# Data section:
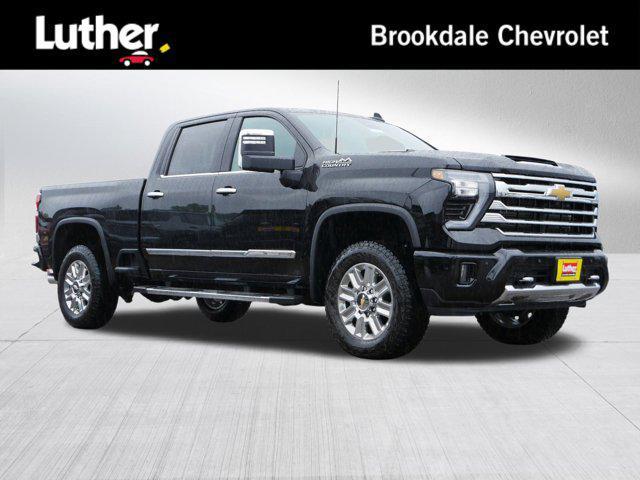 new 2025 Chevrolet Silverado 3500 car, priced at $79,474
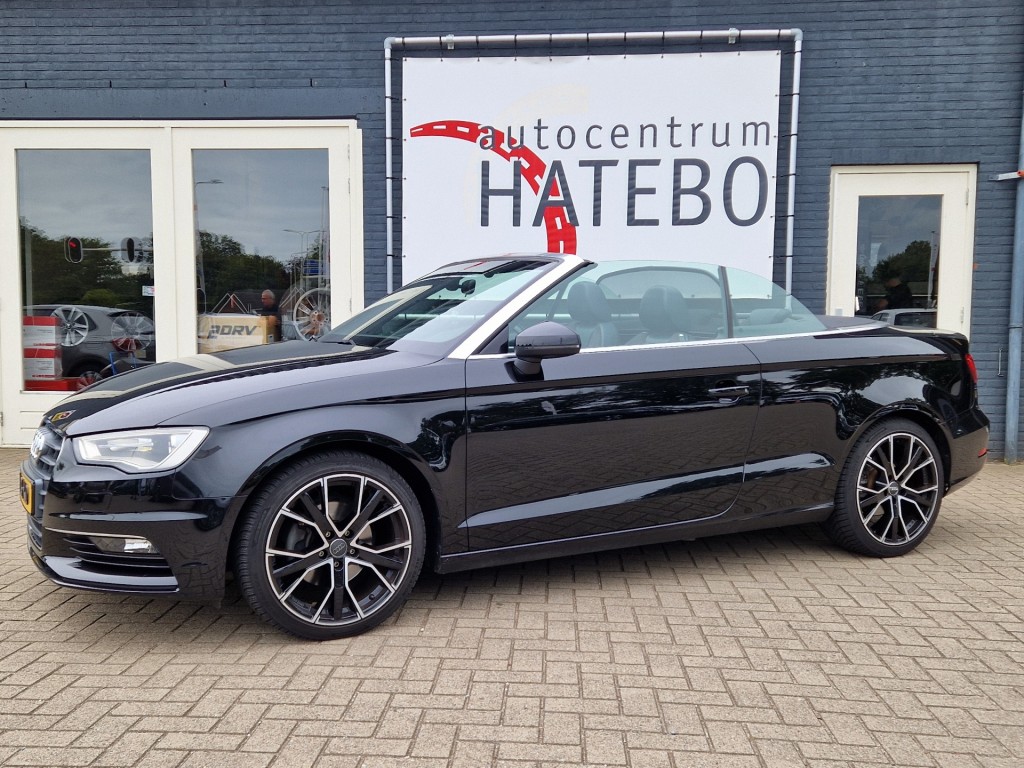 AUDI A3 1.4 TFSI AMBITION Edition Open Days Navi Leder Supermooi!!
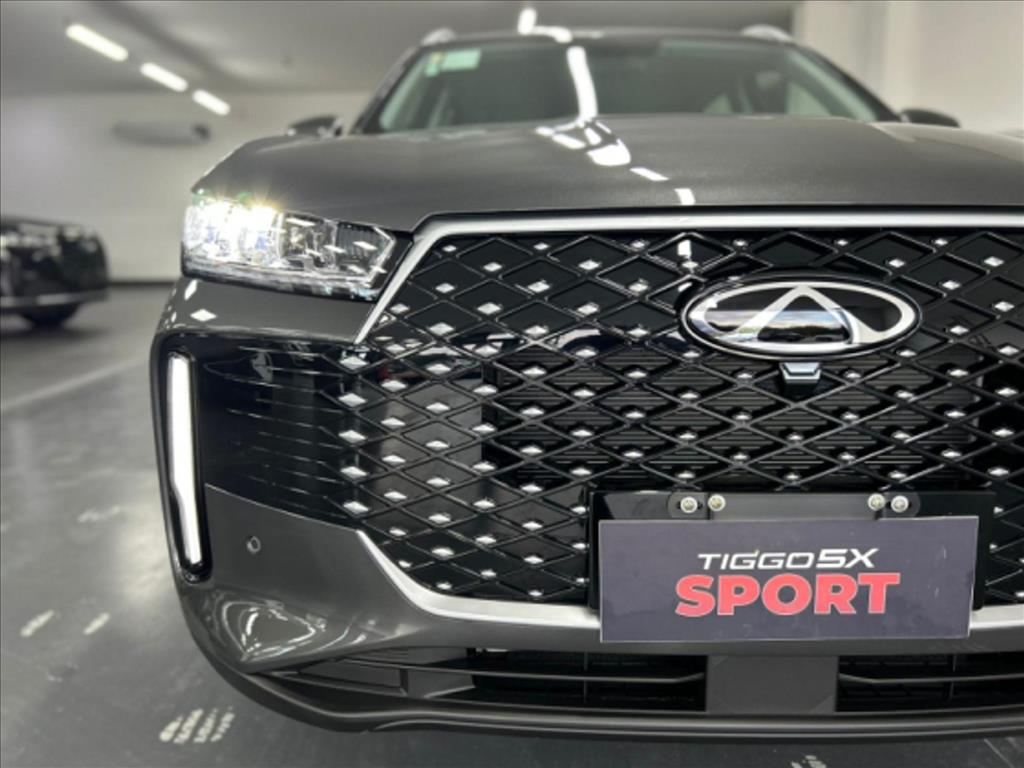 CAOA Chery-TIGGO 5x-1.5 VVT TURBO iFLEX SPORT CVT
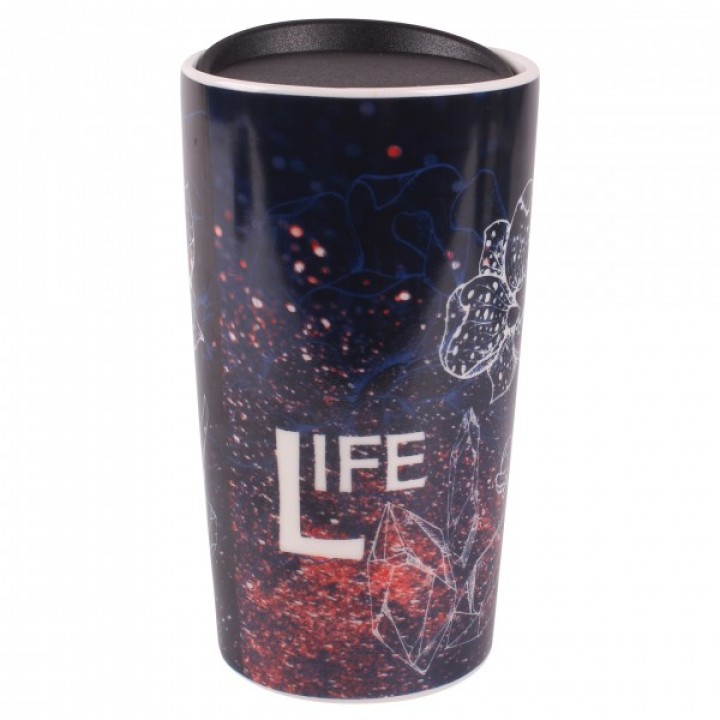 Термокружка Limited Edition Travel Life, 360 мл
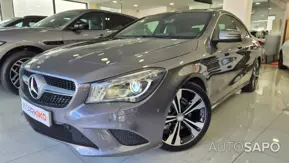 Mercedes-Benz Classe CLA de 2015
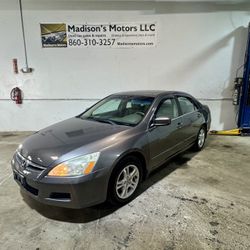 2007 Honda Accord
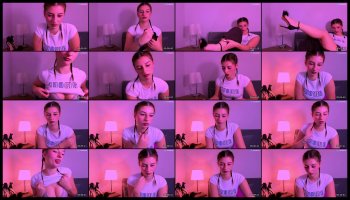 MabelAngel — 11 minute Stripchat female naked cam show, 720p, Aug 19, 2026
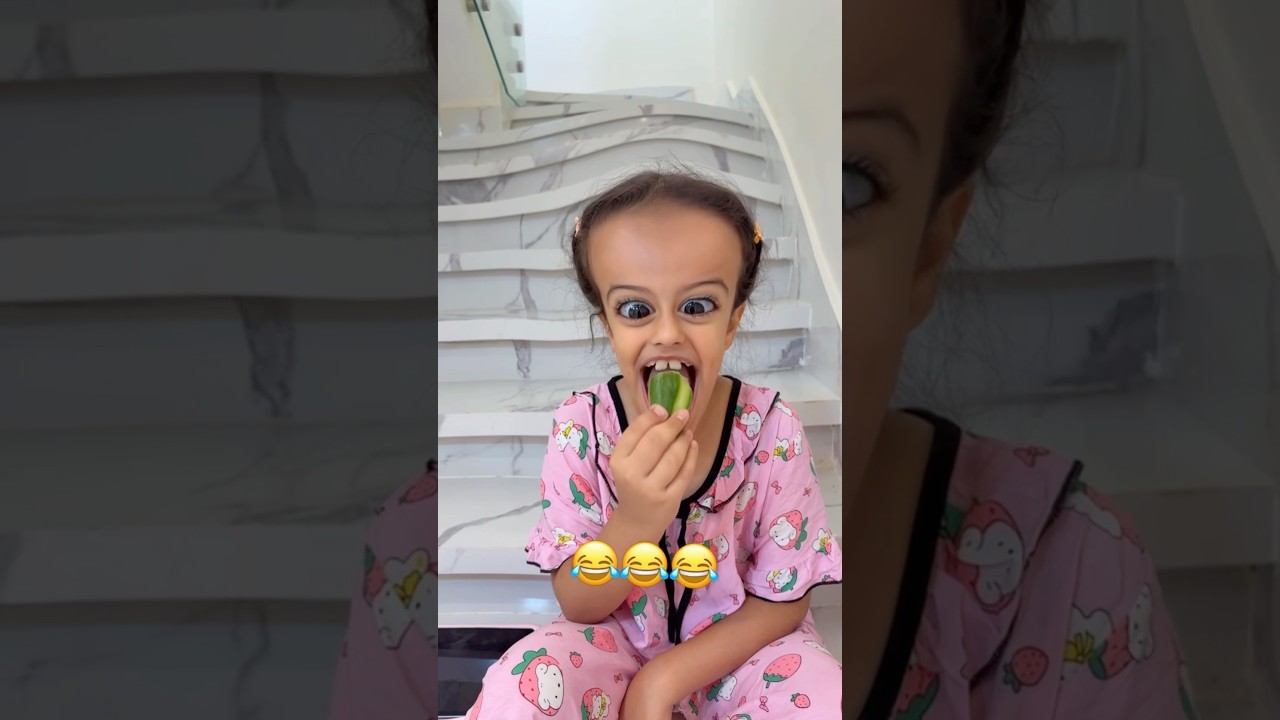 مريم من تبرد الاكل#funny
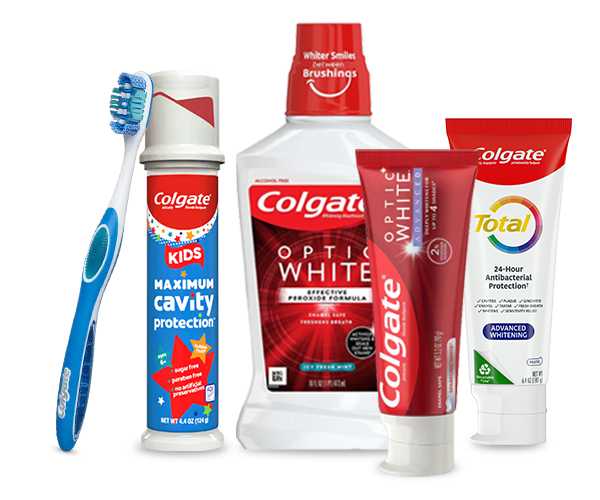 Colgate Products Colgate Products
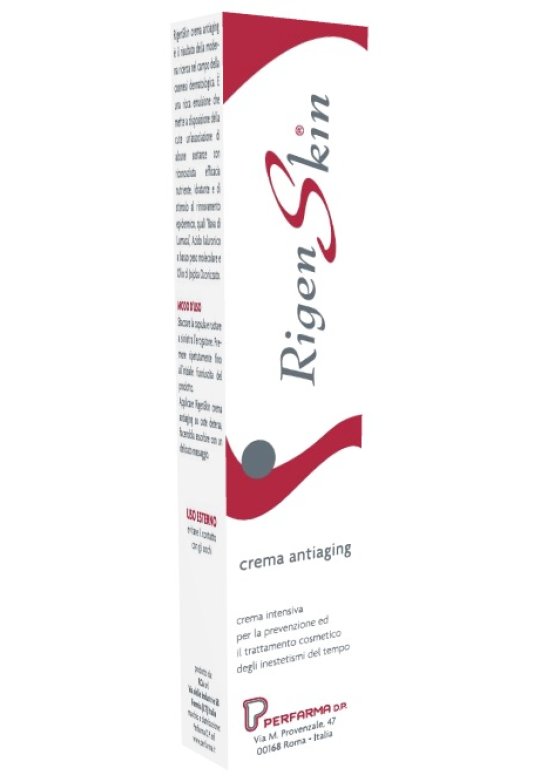 RIGENSKIN CREMA ANTIAGING 50ML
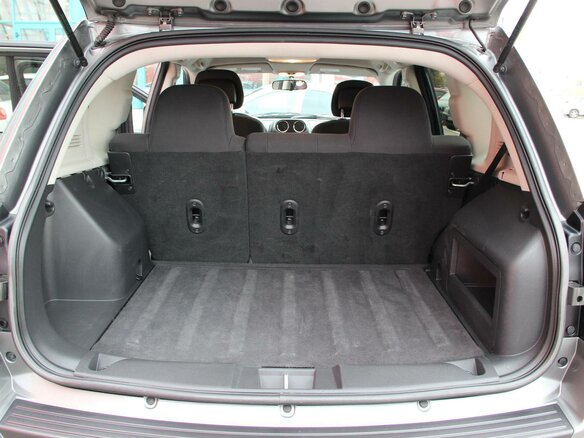 2014 Jeep Compass I Рестайлинг 2, серый - вид 15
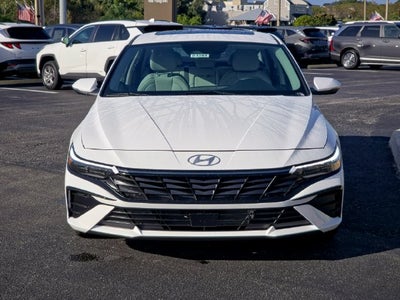 2026 Hyundai ELANTRA HYBRID Limited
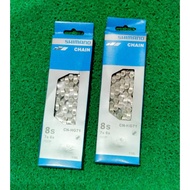 CHAIN 8S/7S/6S SHIMANO HG CN-HG71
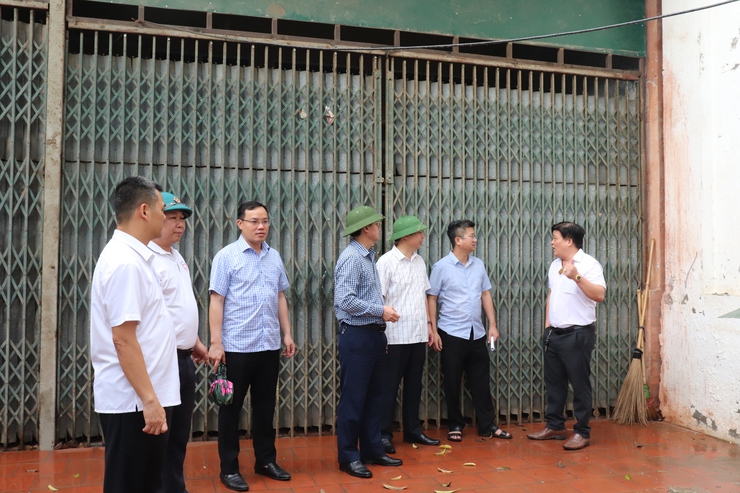 Xã Phú Nghĩa tập trung tháo gỡ khó khăn đẩy nhanh tiến độ giải phóng mặt bằng Dự án cải tạo, nâng cấp Quốc lộ 6 đoạn Ba La – Xuân Mai- Ảnh 2.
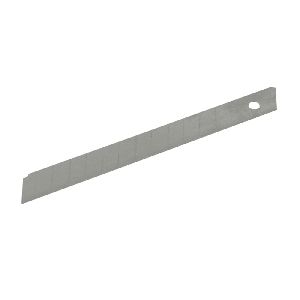 Silverline - Abbrechklingen, 10er-Pckg., 9 mm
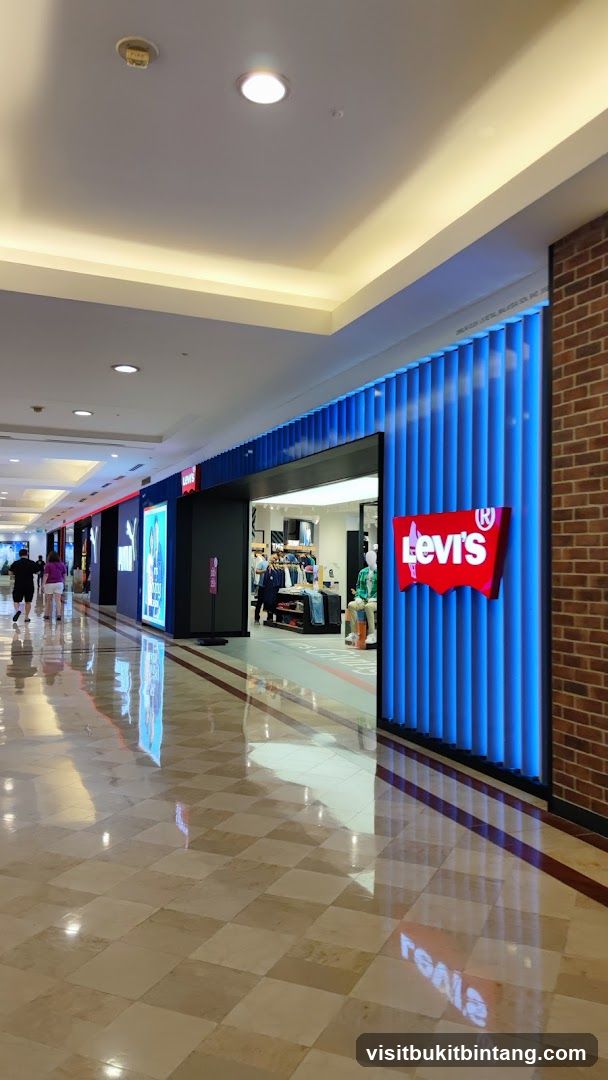 Levi's Suria KLCC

# What this task involves:
Set down exactly, from the line that contains "مريم من تبرد الاكل#funny" through the last line of the data, each line as it stands, and leave the pictures out.

# Response to this task:
 مريم من تبرد الاكل#funny
 Colgate Products Colgate Products
 RIGENSKIN CREMA ANTIAGING 50ML
 2014 Jeep Compass I Рестайлинг 2, серый - вид 15
 2026 Hyundai ELANTRA HYBRID Limited
 CHAIN 8S/7S/6S SHIMANO HG CN-HG71
 Xã Phú Nghĩa tập trung tháo gỡ khó khăn đẩy nhanh tiến độ giải phóng mặt bằng Dự án cải tạo, nâng cấp Quốc lộ 6 đoạn Ba La – Xuân Mai- Ảnh 2.
 Silverline - Abbrechklingen, 10er-Pckg., 9 mm
 Levi's Suria KLCC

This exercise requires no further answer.